Buradan, Kur'an-ı Kerim'in insanın hayatını cahilce konuşmayacak şekilde düzenlemesi gerektiğine dair vurgusunun sebebi anlaşılmaktadır. Çünkü insanı bu dini edebe alıştırdığında, dini konularda cahilce konuşmanın tehlikelerini ona öğretebilir.

Bu bağlamda, ilim sahibi hocalar ve âlimler, insanın âlim olma programı ve esaslarını açıklarken, Hz. Peygamber'den (s.a.a.) bir hadis kullanarak şöyle derlerdi: 'İnsan üç tür sermaye ile âlim olur. Birincisi, Kur'an-ı Kerim'dir. İkincisi, Ehli Beyt'in (a.s.) sünnetidir. Üçüncüsü ise 'Bilmiyorum' demektir, yani bilmediğini bilmektir. İki ağır yük (Sakaleyn) yani Kur'an ve İtret (a.s.), ilmin etkin kaynaklarıdır. Kişinin bu kaynaklardan faydalanabilmesi için bilmediğini bilmesi ve bilmediği bir şeyi söylememesi gerekir. Eğer biri kendini bilgili sanıyorsa, kitap ve sünnetten faydalanmaz; ancak bilmediğini bildiğinde, bu iki kaynaktan yararlanma ihtiyacı hisseder.

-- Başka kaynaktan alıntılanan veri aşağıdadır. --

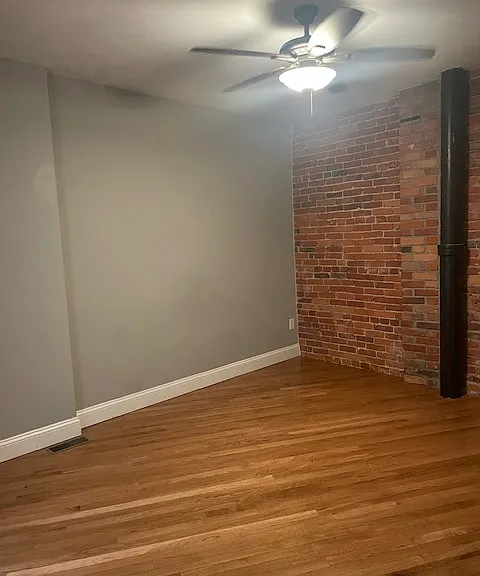 208 Huron Ave — Photo 60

Eğer birisi cahilce konuşmaya alışırsa, yani akli bir konuda bilmediği bir şeyi söyler ya da yazar ve nakli bir konuda da kaynağı olmayan bir şeyi aktarırsa, başlangıçta sadece sıradan meselelerde böyle davransa bile, zamanla inanç ve dini konularda da bilmediği şeyleri Allah'a ve Peygamberine (s.a.a.) isnat etmeye alışır.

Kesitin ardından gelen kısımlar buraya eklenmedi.